Allowing Mr. Obama to continue the schedule at one time developed by George W. Bush, Bill Clinton, and Ronald Reagan, while in the guise of Democratic Party politics, will be furthering the destruction of the American republic and its glorious Constitution. Maybe it's time to listen much more closely to the wisdom espoused by congressional leaders such as U.S. Rep. (Tx) Ron Paul, who has a standing resolution in the House of Representatives to abolish the Federal support system and to reinstate the gold thorough by restoring to the U.S. Congress its narrative 1, Section 8 power to coin money and to resolve its value. I would much rather hear an active U.S. citizen asserting the textual constitutional requirement that a President is required to be a natural born citizen of the U.S, than one spouting that a woman has a constitutional right to have, or not have, an abortion. For there are millions of literate Americans who have never read the U.S. Constitution and don't have any idea what their constitutional rights comprise. It is this prevailing ignorance of constitutional fact and law that is allowing Obama, and the many like him, to do their dirty work on the fabric of American government. It is good to remember that fascism does not have to be exerted from the extremism of conservative, or right-wing, political Military in order for its effect, the abrogation of human freedom, to be experienced. A denial of relaxation can as indeed be felt straight through greatest liberalism, in applying greatest federal constraint where it should not be applied. I, like Henry David Thoreau, believe that under the type of system espoused by the Framers, and defended by Madison, Hamilton, and Jay in the "Federalist Papers," the federal government is best when it governs least, or as the U.S. Constitution directs it to govern.
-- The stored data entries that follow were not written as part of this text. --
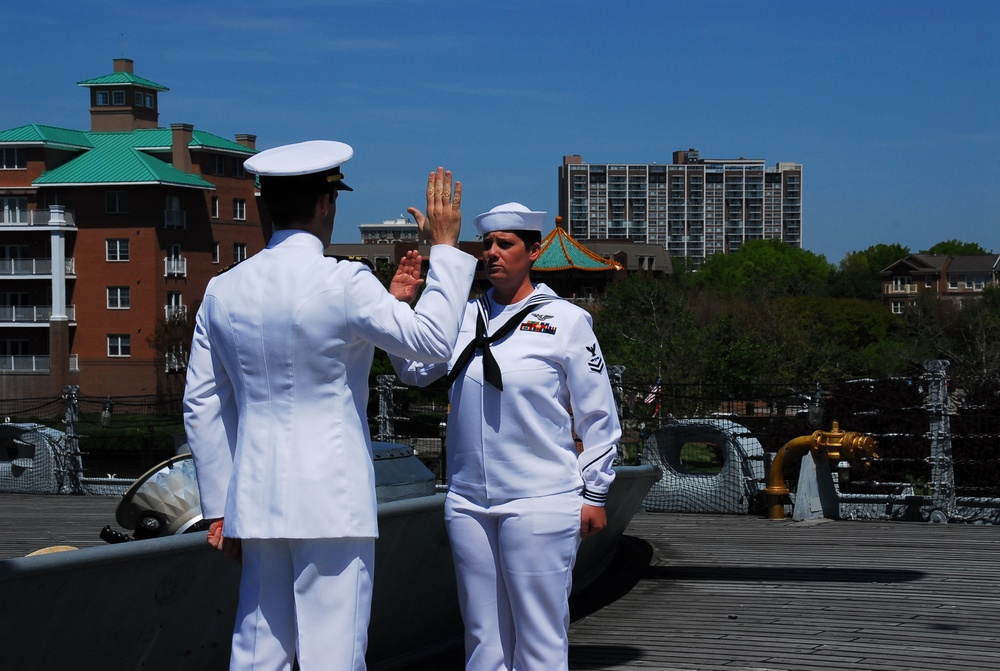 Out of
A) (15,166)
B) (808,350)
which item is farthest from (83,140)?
(808,350)

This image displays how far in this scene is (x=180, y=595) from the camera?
433 centimetres

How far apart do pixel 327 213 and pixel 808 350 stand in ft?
171

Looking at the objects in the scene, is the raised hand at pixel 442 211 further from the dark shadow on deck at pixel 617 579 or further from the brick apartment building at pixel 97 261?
the brick apartment building at pixel 97 261

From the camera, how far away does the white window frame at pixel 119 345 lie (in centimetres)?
6397

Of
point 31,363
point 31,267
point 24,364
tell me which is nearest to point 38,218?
point 31,267

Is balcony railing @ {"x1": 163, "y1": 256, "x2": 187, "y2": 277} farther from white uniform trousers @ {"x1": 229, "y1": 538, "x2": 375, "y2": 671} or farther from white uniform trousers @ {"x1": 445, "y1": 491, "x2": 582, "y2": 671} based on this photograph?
white uniform trousers @ {"x1": 229, "y1": 538, "x2": 375, "y2": 671}

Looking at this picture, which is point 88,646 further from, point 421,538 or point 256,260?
point 421,538

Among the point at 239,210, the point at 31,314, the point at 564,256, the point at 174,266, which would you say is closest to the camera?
the point at 564,256

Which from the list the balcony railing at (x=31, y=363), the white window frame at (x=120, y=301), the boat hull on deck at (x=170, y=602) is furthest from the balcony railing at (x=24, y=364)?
the boat hull on deck at (x=170, y=602)

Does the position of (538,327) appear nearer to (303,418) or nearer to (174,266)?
(303,418)

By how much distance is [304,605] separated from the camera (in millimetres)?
3268

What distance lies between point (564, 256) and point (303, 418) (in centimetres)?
3663

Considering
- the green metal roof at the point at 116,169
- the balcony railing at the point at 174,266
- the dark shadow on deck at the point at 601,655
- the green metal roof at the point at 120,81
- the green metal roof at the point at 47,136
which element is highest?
the green metal roof at the point at 120,81

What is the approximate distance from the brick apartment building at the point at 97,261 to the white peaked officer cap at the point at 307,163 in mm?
60142
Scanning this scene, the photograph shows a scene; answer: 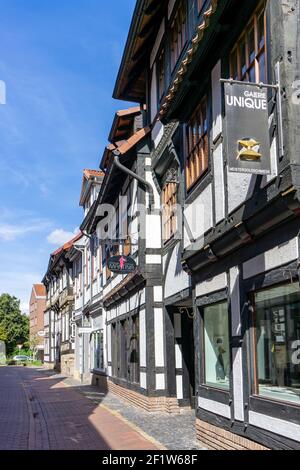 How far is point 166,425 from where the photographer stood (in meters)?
11.9

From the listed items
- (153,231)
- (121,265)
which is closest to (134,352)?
(121,265)

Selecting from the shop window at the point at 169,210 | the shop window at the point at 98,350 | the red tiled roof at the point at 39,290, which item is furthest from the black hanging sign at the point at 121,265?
the red tiled roof at the point at 39,290

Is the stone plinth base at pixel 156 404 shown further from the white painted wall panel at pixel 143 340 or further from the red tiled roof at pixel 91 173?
the red tiled roof at pixel 91 173

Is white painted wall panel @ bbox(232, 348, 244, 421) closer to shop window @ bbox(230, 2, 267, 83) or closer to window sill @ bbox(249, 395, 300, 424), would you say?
window sill @ bbox(249, 395, 300, 424)

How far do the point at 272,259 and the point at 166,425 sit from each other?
6343mm

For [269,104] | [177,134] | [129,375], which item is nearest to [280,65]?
[269,104]

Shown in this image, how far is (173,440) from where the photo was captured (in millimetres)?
10211

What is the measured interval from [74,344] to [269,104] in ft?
91.7

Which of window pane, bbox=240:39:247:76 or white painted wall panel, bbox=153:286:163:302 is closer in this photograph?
window pane, bbox=240:39:247:76

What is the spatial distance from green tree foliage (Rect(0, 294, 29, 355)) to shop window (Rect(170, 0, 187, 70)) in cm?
7778

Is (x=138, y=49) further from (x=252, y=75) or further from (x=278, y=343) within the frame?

In summation, I like to think about the response of the great Benjamin Franklin to a lady who curiously greeted him after he emerged from the Constitutional custom that had produced the U.S. Constitution. "What have you made in there," she asked. To her question, Franklin replied, "A republic, if you can keep it."
The Us menagerial branch - Constitutional Mandate, History, Obama, and BeyondThomas L. Pangle on the Federalist Papers Tube. Duration : 1.23 Mins.Thomas L. Pangle, Joe R. Long Chair in Democratic Studies at the University of Texas at Austin, discusses the Federalist Papers with the George Mason University Law & Economics Center.